What is it about the RSPB’s annual Big Garden Birdwatch weekend? Why do all the birds mysteriously disappear from my own garden?
Normally on a fine January day I can look out of my suburban window and expect to see up to four species of tit (Great Tit, Blue Tit, Coal Tit and Long-tailed Tit) visiting my bird feeders, a Robin below them on the bird table and a Dunnock delicately pecking up food spilled onto the lawn beneath.
Blackbirds are likely to be working their way clumsily through my berry-bearing bushes, perhaps joined by a few Redwing. One or two Woodpigeons will almost certainly be strutting across the grass. And Magpies and Jays may be driving the smaller birds away from the bird table.
If I am lucky, a Great Spotted Woodpecker may visit the bird feeders or a Green Woodpecker may fly down to peck at ants on the lawn. And this year an overwintering male Blackcap has been creeping about in my hedges.

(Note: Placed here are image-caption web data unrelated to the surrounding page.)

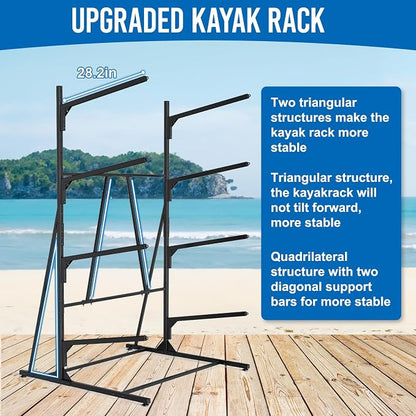 Kayak Storage Rack, Kayak Wall Mount Rack, Kayak Rack - Image 2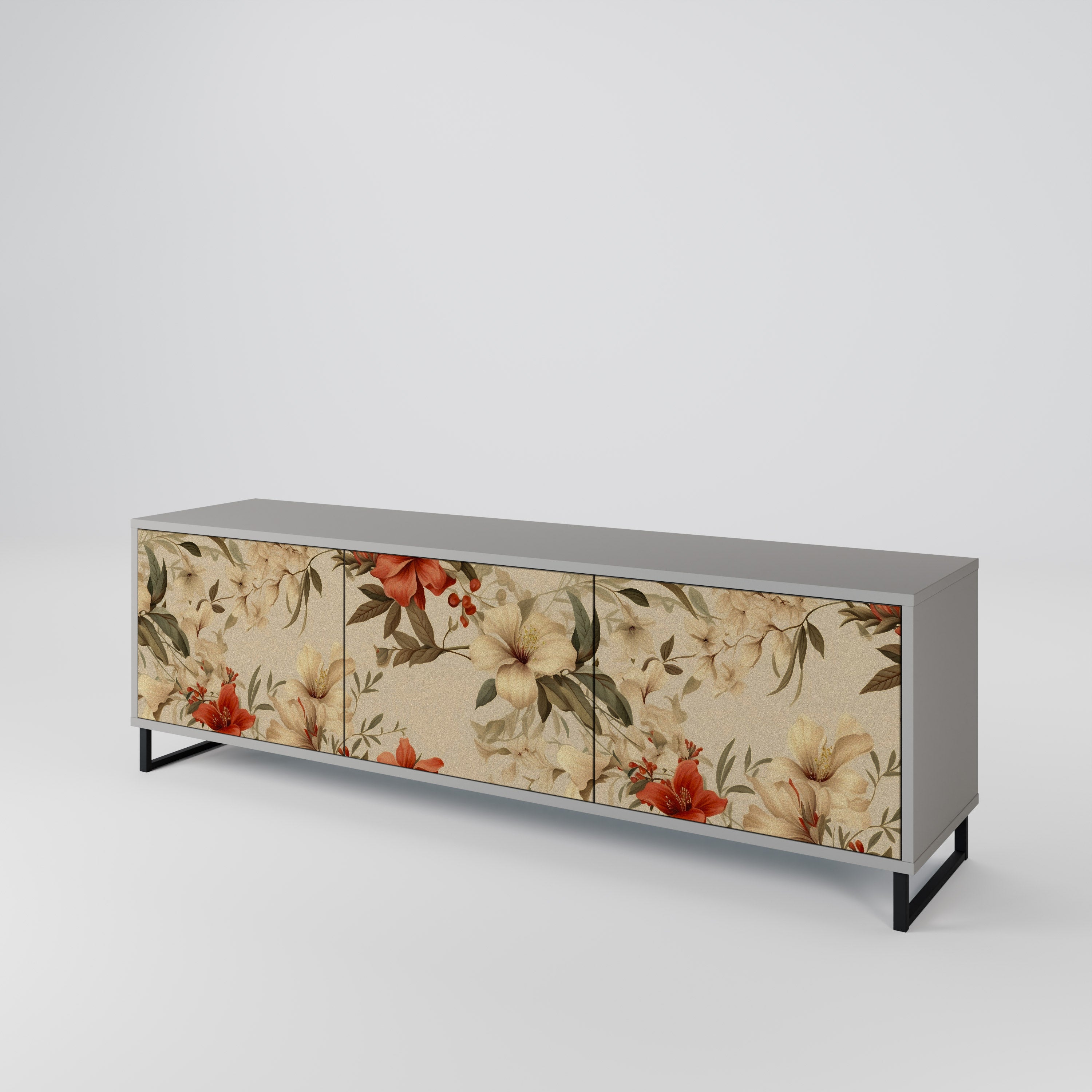 BLOOMING HARMONY Mueble de TV de 3 Puertas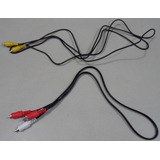 Cable Rca 3 Plug Macho A Macho Audio Y Video 80 Cm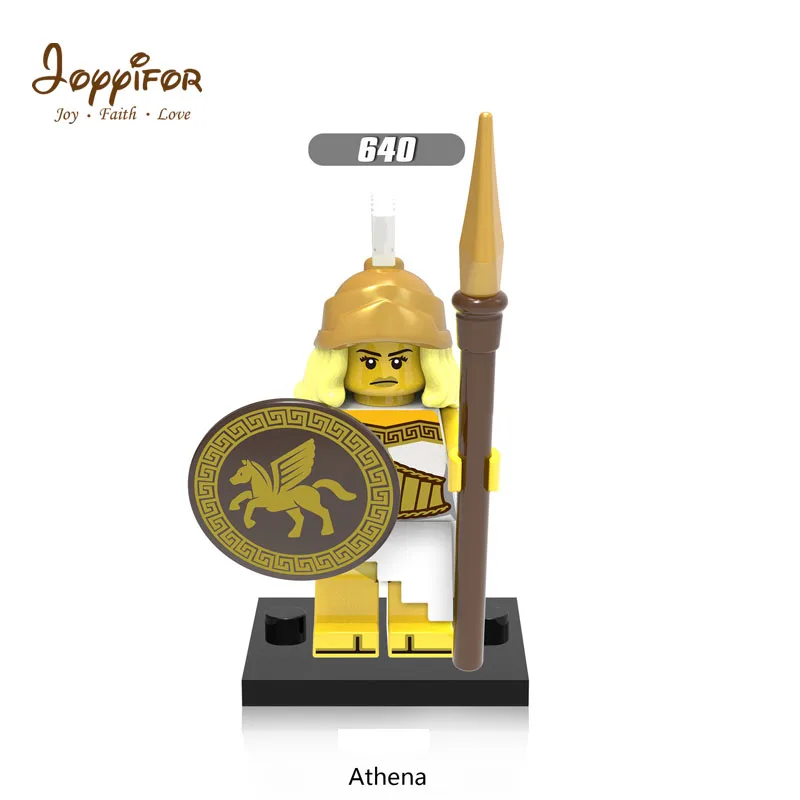 JOY YIFOR Super Heroes KnightsoftheZodiac египетский фараон Athena ST Seiya Chief Строительные блоки мини-кирпичи для детей - Цвет: Темно-серый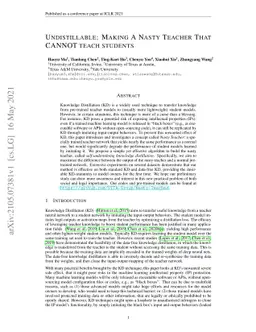 Undistillable: Making A Nasty Teacher That CANNOT teach students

The only RSPB-specified garden bird I do not expect to see is the House Sparrow, which disappeared from my area years ago.
But come Big Garden Birdwatch weekend, everything vanishes. Last year I sat at the window and watched a variety of birds flying over my garden or visiting neighbouring gardens. But they completely ignored my own blessed plot. After 20 minutes with not a single bird to record, I gave up.
This year I again set aside an hour to watch the garden. It was a beautiful sunny morning after a long cold spell, and the birds should have been out and about feeding. But once again, the garden was empty. I had topped up the bird table and feeders and put out new fatballs, but the delicacies that had been so popular on the Friday were now no longer an attraction.
In the first 10 minutes I counted 10 species — but all were either in neighbouring gardens or merely passing overhead. Even the Woodpigeons that normally spend all day on my lawn were laughing at me from a neighbour’s ash tree. So once again I lost interest and gave up.
Guess what? On the Monday my garden was again alive with birds.